══ Given entries ══

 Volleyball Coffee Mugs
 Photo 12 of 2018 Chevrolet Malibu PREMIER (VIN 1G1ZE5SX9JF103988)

═══
══ Given entries ══

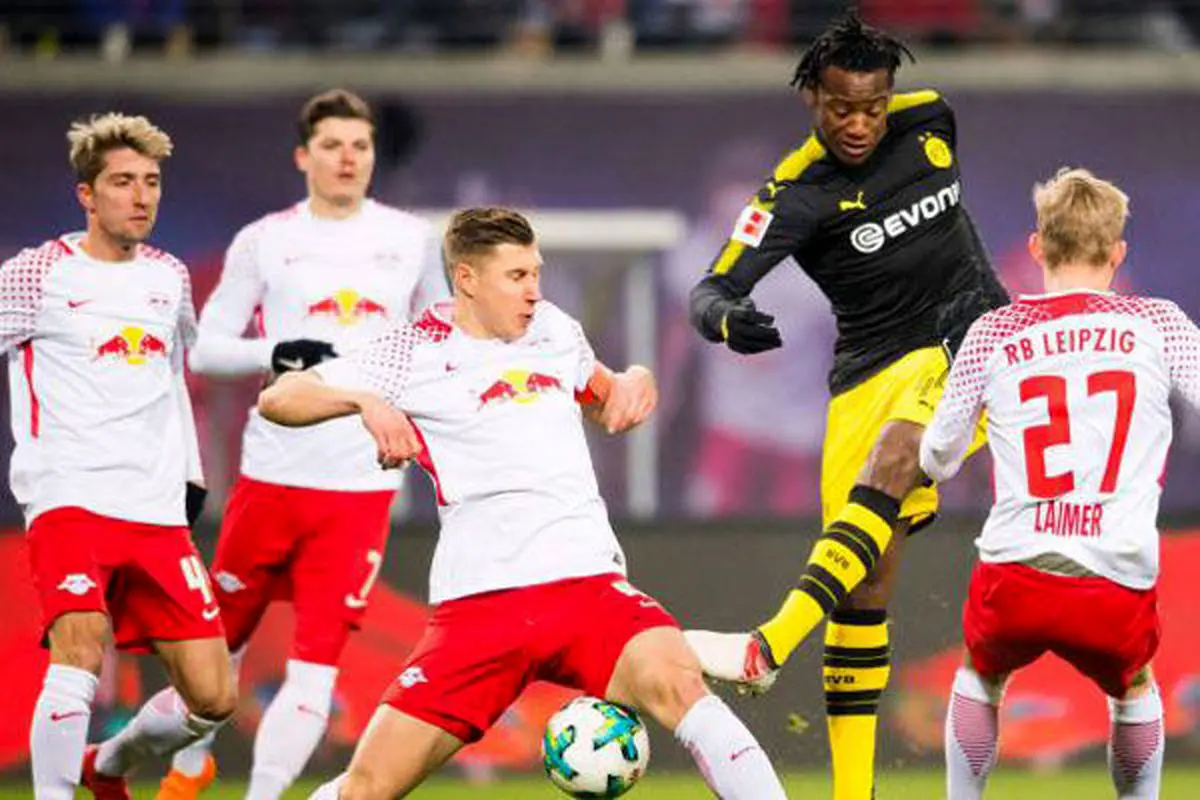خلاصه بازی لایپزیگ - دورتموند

═══

• **Task details**
Please give an exact copy of the entries above, from the line with "Volleyball Coffee Mugs" down to the line with "Photo 12 of", inclusive, and nothing else.

• **Response**
 Volleyball Coffee Mugs
 Photo 12 of 2018 Chevrolet Malibu PREMIER (VIN 1G1ZE5SX9JF103988)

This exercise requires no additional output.